Tiger Woods isn’t wasting any time.

Just one round in to his 2019-20 PGA Tour season, and he’s already sitting at the top of the leaderboard.

Woods fired an impressive 6-under 64 on Thursday at the Zozo Championship in Chiba, Japan — the Tour’s inaugural event in the country — to take a share of the lead with Gary Woodland after the opening round. His 64 marked his lowest score to kick off a PGA Tour season throughout his entire career.

His morning got off to a slow start, too, as he carded three straight bogeys on his first three holes.

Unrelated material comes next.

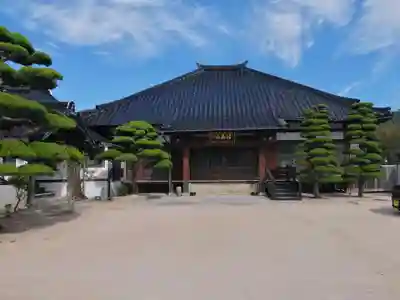 芦樵寺の本殿・本堂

“I certainly was not expecting to shoot 6-under-par after that start,” Woods said, via the PGA Tour. “That was a very ugly start and I felt that if I could get to under par for the day after that start, I figure most of the guys would be about 2-, 3-under-par with the wind blowing as hard as it was today, that I wouldn't be that far behind. But it flipped and I got hot and made a bunch of putts.”

That, though, was the end of his struggles.

Woods finished with nine total birdies on the round, including five in his last seven holes, to jump ahead of the pack.

Woods is coming off an up-and-down season on Tour. While he won the Masters in April — marking his 81st career win on the PGA Tour, just one behind Sam Snead’s all-time record — and had four top-10 finishes, Woods missed the cut at both the PGA Championship and The Open Championship and failed to qualify for the Tour Championship.

Now, there’s still plenty of golf left to be played in Japan. The co-leader Woodland is the reigning U.S. Open champion and Japan-native Hideki Matsuyama is only a stroke behind. The season itself is still incredibly young, too, with the Zozo Championship serving as just the seventh event of the year.

Yet if the way Woods played on Thursday is any indication, he’s bound and determined to break Snead’s all-time wins record this season.

“It’s going to be sloppy and tough for us tomorrow morning before the storm gets in and I think we’re probably going to get a little bit wet while we’re playing out there tomorrow and then it’s going to be a grind on the weekend,” Woods said, via the PGA Tour. “Hopefully I can keep it going.”